* **What the task requires**:
Each line below is to be copied exactly; images do not go into the copy.

* **Records for this exercise**:
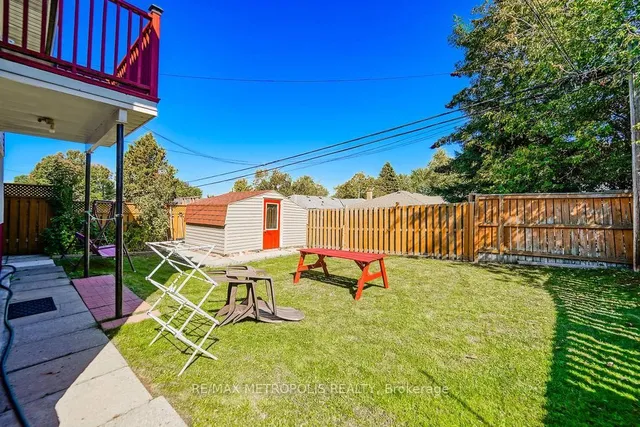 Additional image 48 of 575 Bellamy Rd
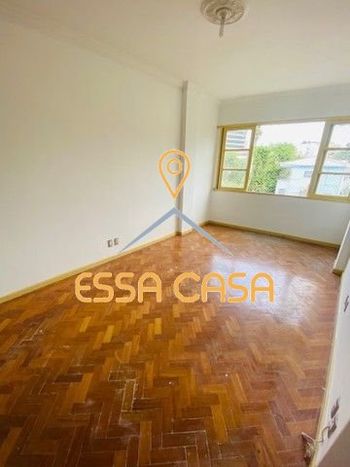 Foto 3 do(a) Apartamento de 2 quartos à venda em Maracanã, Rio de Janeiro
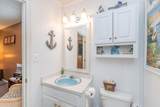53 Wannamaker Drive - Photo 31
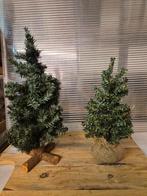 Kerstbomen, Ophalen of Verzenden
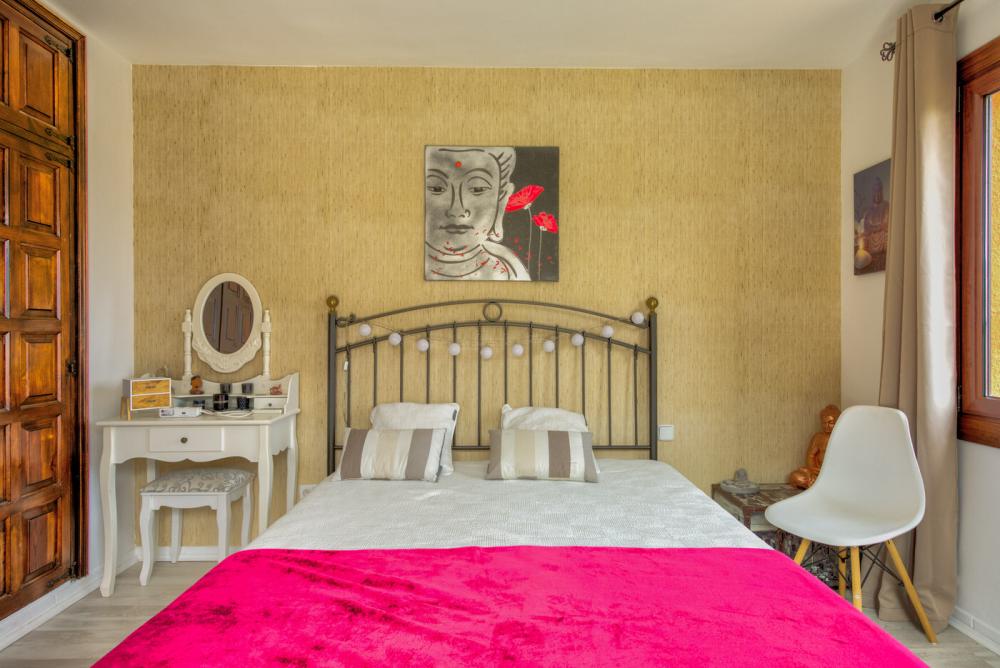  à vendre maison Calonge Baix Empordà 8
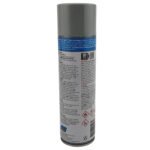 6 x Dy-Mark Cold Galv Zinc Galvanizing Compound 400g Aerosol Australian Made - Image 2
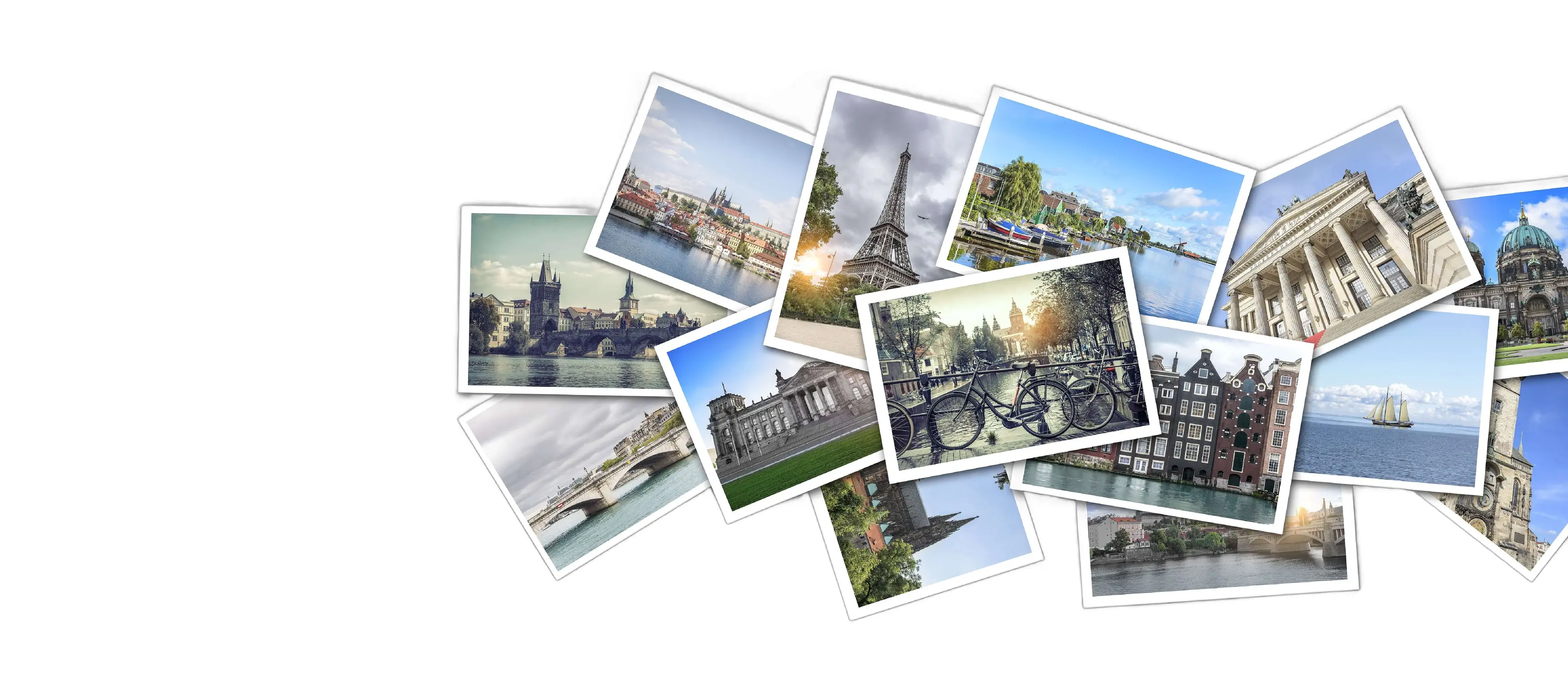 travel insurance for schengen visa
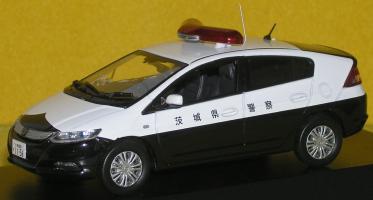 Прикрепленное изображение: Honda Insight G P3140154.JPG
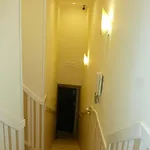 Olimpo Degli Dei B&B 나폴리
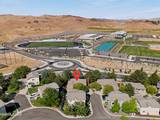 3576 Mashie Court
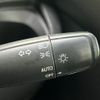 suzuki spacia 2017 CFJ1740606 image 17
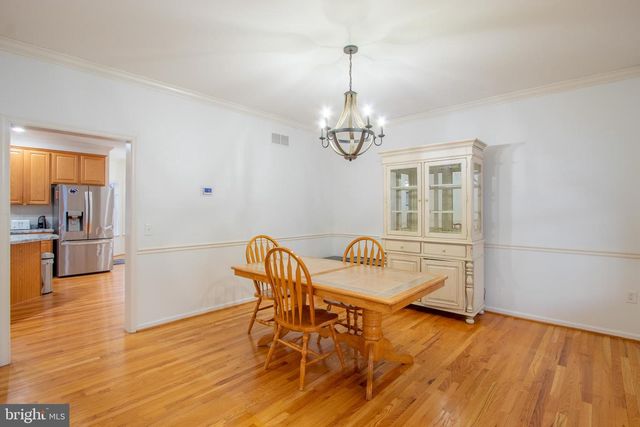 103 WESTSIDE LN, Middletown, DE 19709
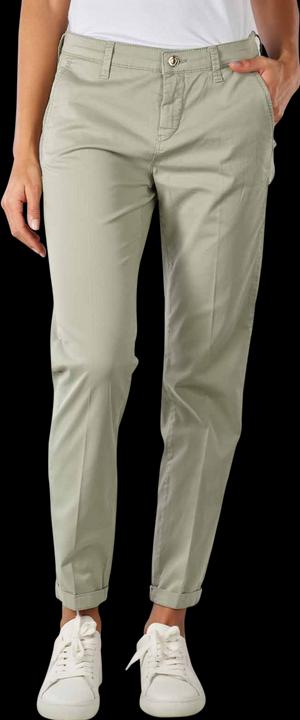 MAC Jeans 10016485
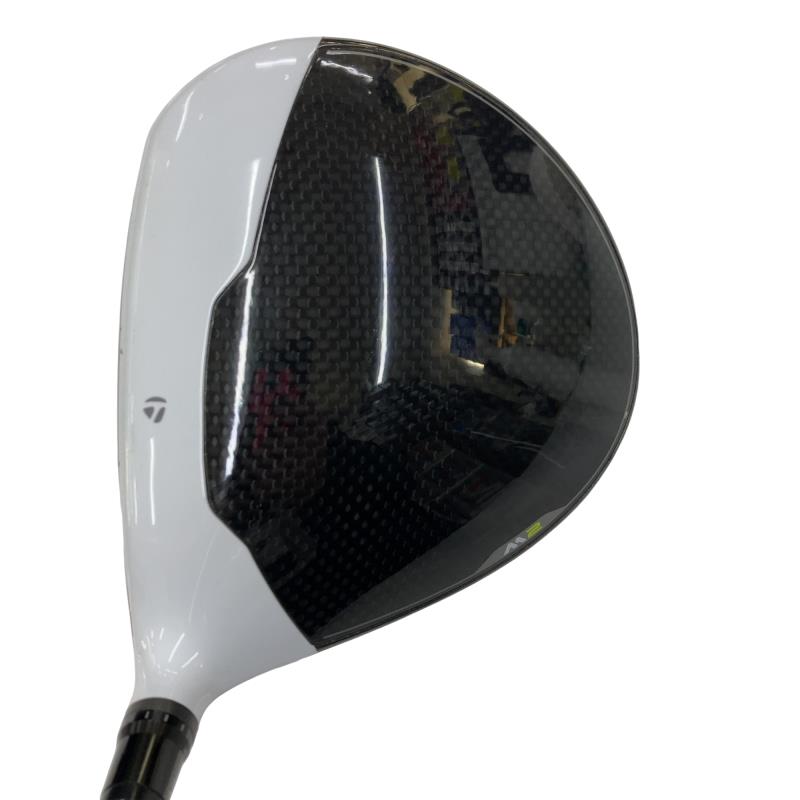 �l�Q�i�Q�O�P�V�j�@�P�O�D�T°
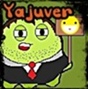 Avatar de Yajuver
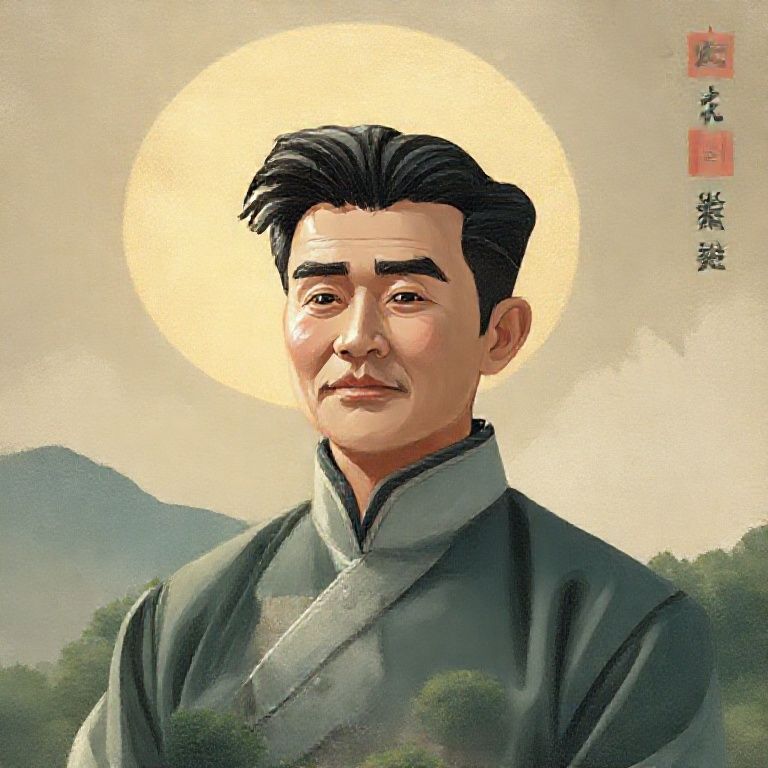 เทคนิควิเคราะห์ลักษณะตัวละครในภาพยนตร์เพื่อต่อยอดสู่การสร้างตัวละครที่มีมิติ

* **Result of this task**:
 Additional image 48 of 575 Bellamy Rd
 Foto 3 do(a) Apartamento de 2 quartos à venda em Maracanã, Rio de Janeiro
53 Wannamaker Drive - Photo 31
 Kerstbomen, Ophalen of Verzenden
  à vendre maison Calonge Baix Empordà 8
 6 x Dy-Mark Cold Galv Zinc Galvanizing Compound 400g Aerosol Australian Made - Image 2
 travel insurance for schengen visa
 Прикрепленное изображение: Honda Insight G P3140154.JPG
 Olimpo Degli Dei B&B 나폴리
 3576 Mashie Court
 suzuki spacia 2017 CFJ1740606 image 17
 103 WESTSIDE LN, Middletown, DE 19709
 MAC Jeans 10016485
 �l�Q�i�Q�O�P�V�j�@�P�O�D�T°
 Avatar de Yajuver
 เทคนิควิเคราะห์ลักษณะตัวละครในภาพยนตร์เพื่อต่อยอดสู่การสร้างตัวละครที่มีมิติ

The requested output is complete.